Note: Values displayed are allometric scaling coefficients (α). Hyperallometric α > 1, and hypoallometric: α <1.

Abbreviations: CSF, cerebral spinal fluid; DC, diencephalon.

Sex differences

Global measures

TBV was significantly larger in males than in females (β = −1.14). Once TBV was adjusted for with the allometric adjustment (Equation (3)), the cerebellar WMV (β = .27), cerebellar GMV (β = .25), total MCT (β = .12), and cerebral WMV (β = .06) were greater in females, while brainstem volume (β = −.21), total subcortical volumes (β = −.08), TSA (β = −.07), and cerebral GMV (β = −.02) were greater in males.

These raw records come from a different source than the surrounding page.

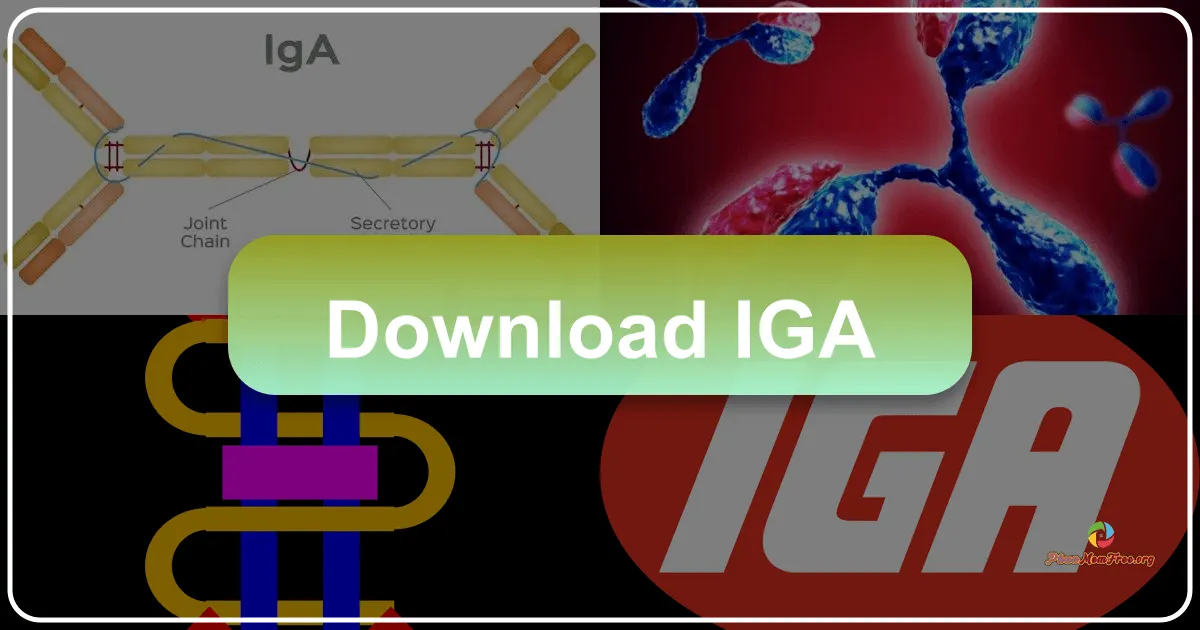 iGà: Trò chơi bắn súng tọa độ hấp dẫn trên nhiều nền tảng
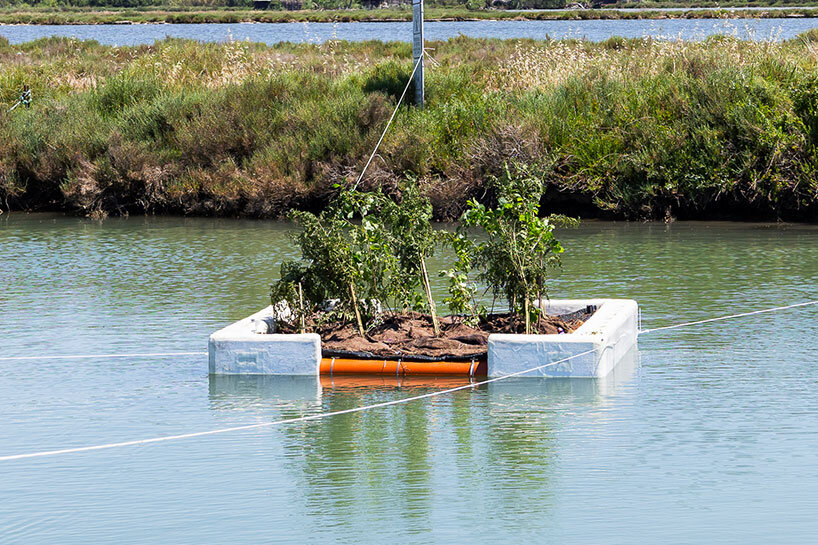 future-proof design relies on a chain of sustainable decisions - 11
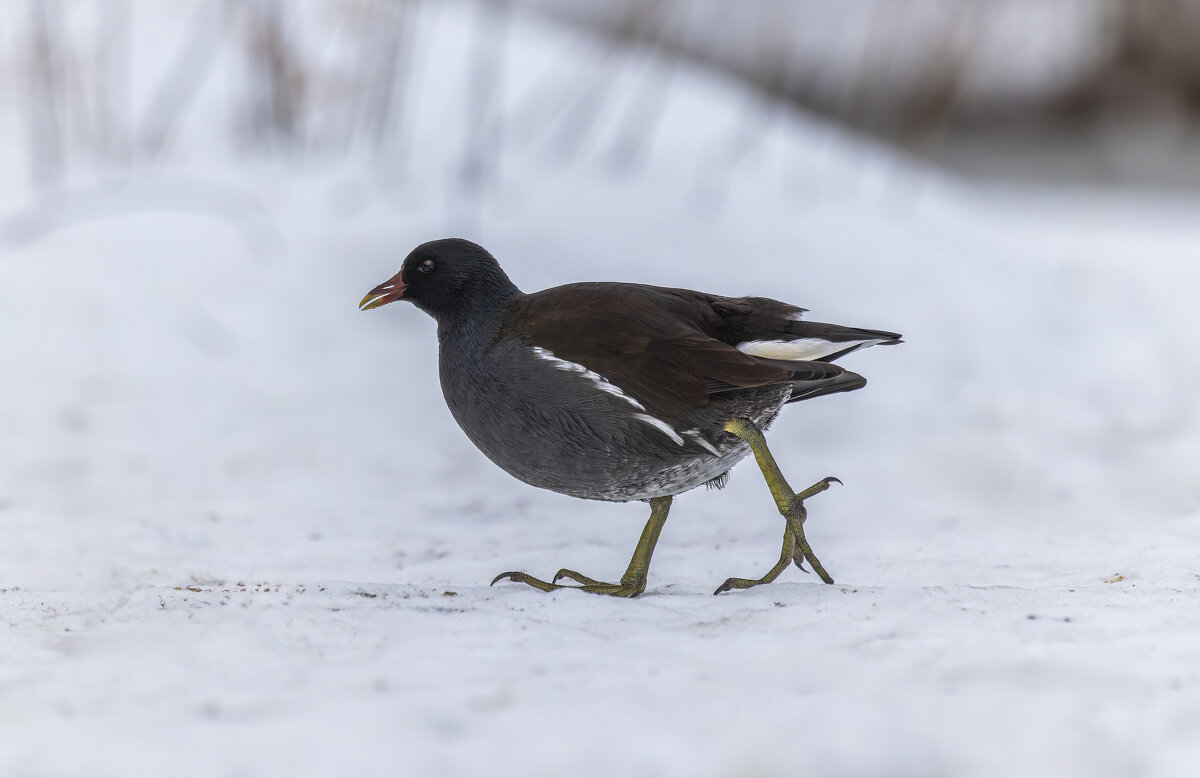 камышница - юрий макаров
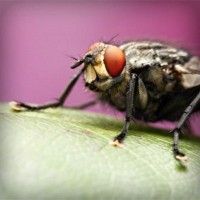 /album/casquettewatibsoldes/photolia-a08-jpg/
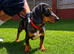 Miniature dachshund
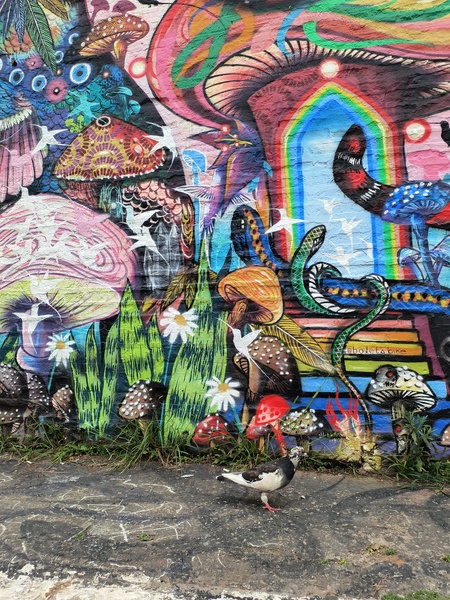 Pinheiros Pigeon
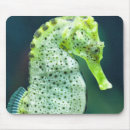 Recherche de l espagne tapis souris Madrid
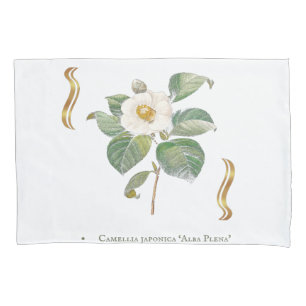 Housse D'oreillers Camellia japonica 'Alba Plena' 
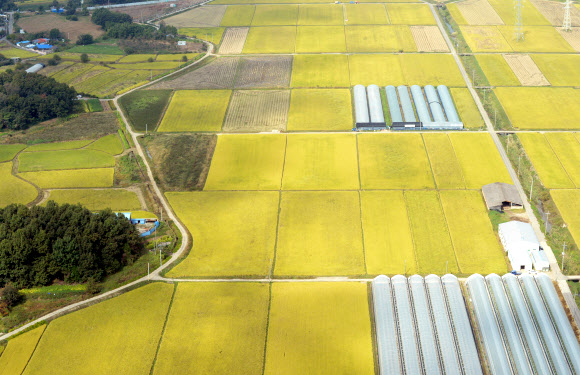 추석 황금연휴 막바지인 8일 헬기에서 내려다본 전북 김제시의 한 황금들녘 모습.  전북사진취재단=연합뉴스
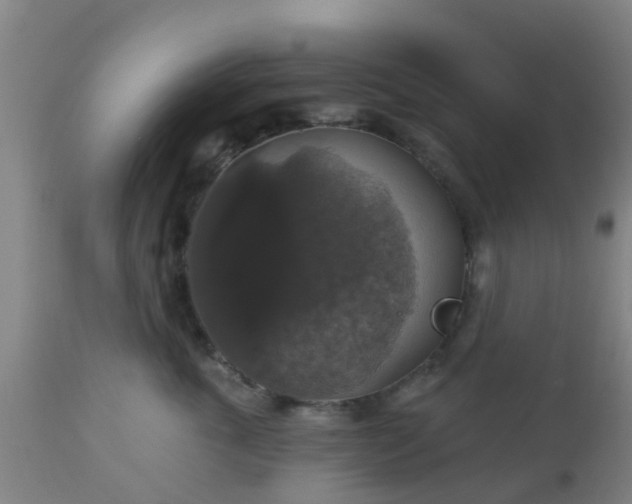 X0000112910763200909071534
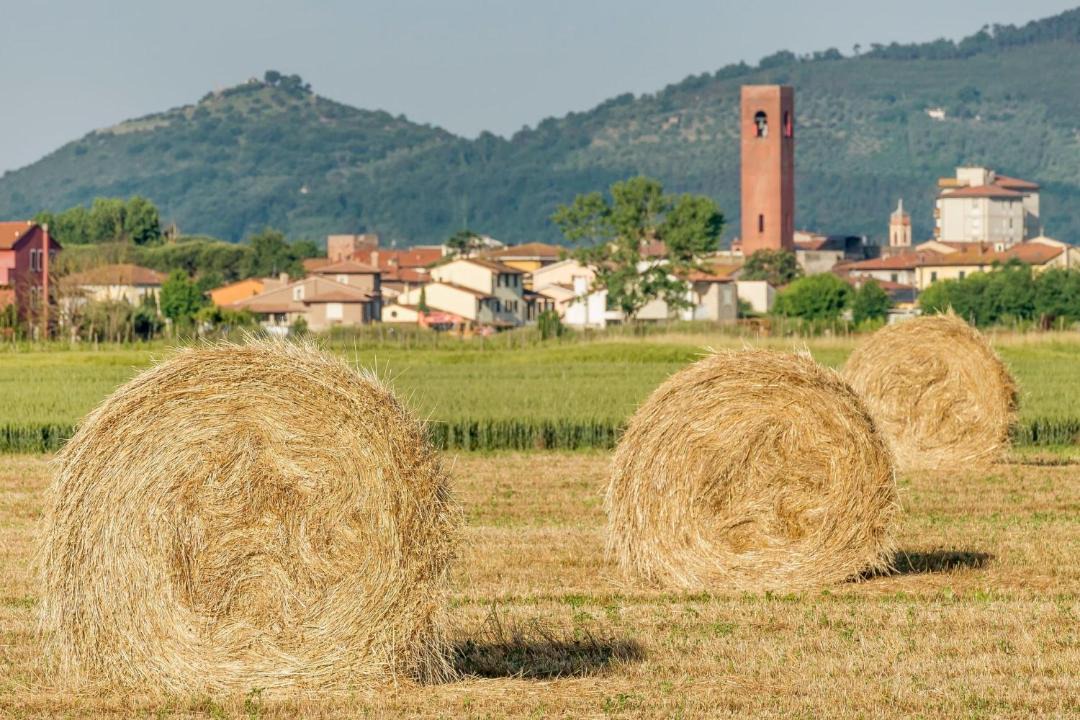 Photo of Others in Montecalvoli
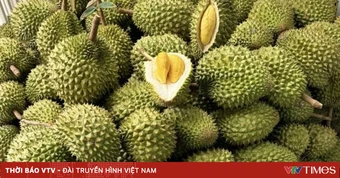 Sầu riêng tiếp tục tạo cú hích cho xuất khẩu nông sản Việt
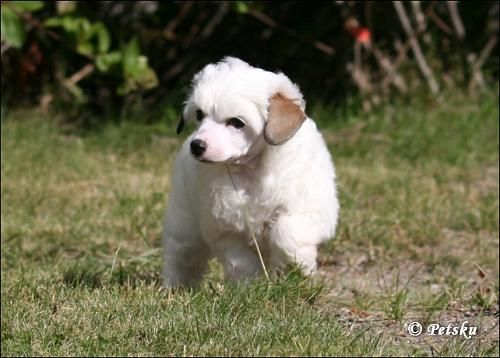 Ferchaz After The Storm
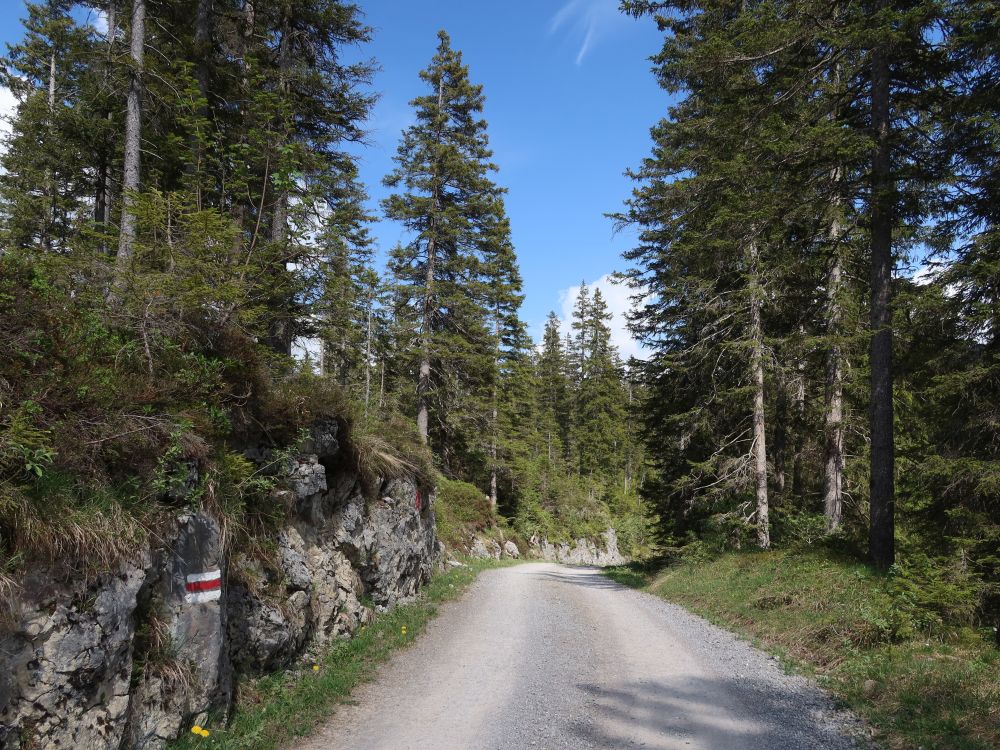 Weg im Bödmerenwald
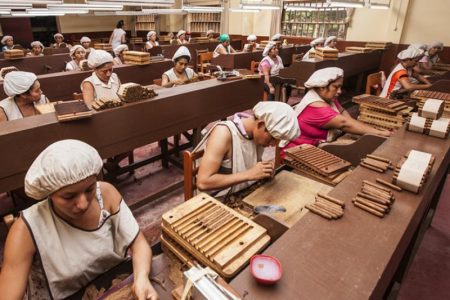 tabacalera-del-oriente-proyecta-incrementar-20-hectareas-de--12531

Consistent with previous studies, males had a larger TBV (e.g., Ritchie et al., 2018; Ruigrok et al., 2014), while females had a relatively larger total MCT (Im et al., 2008, p. 200; van Velsen et al., 2013). However, we did not find that males and females had a similar TSA (Im et al., 2008), nor did we observe greater cerebral WMV in males relative to brain size (Chen, Sachdev, Wen, & Anstey, 2007; Gur et al., 1999). Instead, our analyses revealed that males have a larger TSA and females a greater cerebral WMV. In light of the small magnitude of these sex differences (<0.1) and the sample size of previous studies (N < 150), we speculate that past studies were not sufficiently powered to reliably estimate these effects.

Cerebellar GMV

The Freesurfer ASEG cerebellum GMV—used to calculate TBV—was larger in males (β = − 0.36), whereas the FAST cerebellum GMV—calculated as the sum of the cerebellar lobes and vermes from FAST Diedrichsen Cerebellar Atlas—was larger in females (β = .25).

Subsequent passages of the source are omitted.